Le besoin d’un traitement à long terme par un anticoagulant oral a des répercussions importantes sur la vie des patients. Il nécessite une surveillance régulière de l’effet anticoagulant et une attention particulière aux situations à risque d’alimentation et de saignement. La possibilité d’utiliser de nouveaux anticoagulants oraux qui ne nécessitent pas de surveillance périodique est en cours d’évaluation.
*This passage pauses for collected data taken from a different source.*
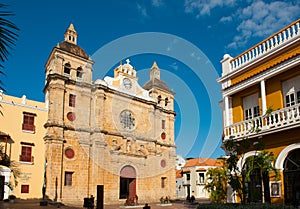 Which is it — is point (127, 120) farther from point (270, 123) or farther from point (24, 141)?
point (270, 123)

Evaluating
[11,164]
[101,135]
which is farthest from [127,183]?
[11,164]

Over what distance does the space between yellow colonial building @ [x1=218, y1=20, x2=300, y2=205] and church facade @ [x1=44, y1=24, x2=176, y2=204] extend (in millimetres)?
16021

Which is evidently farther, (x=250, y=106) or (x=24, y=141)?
(x=24, y=141)

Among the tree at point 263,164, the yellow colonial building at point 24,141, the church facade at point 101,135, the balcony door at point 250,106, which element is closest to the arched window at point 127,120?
the church facade at point 101,135

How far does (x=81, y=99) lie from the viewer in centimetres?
2772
Il est impératif de corriger les facteurs de risque habituels de thrombose (diabète, hypertension artérielle, cholestérol élevé, obésité et tabagisme) chez les patients atteints du syndrome des antiphospholipides.

Les traitements à base d’œstrogènes pour la contraception ou les symptômes de la ménopause en général devraient être évités.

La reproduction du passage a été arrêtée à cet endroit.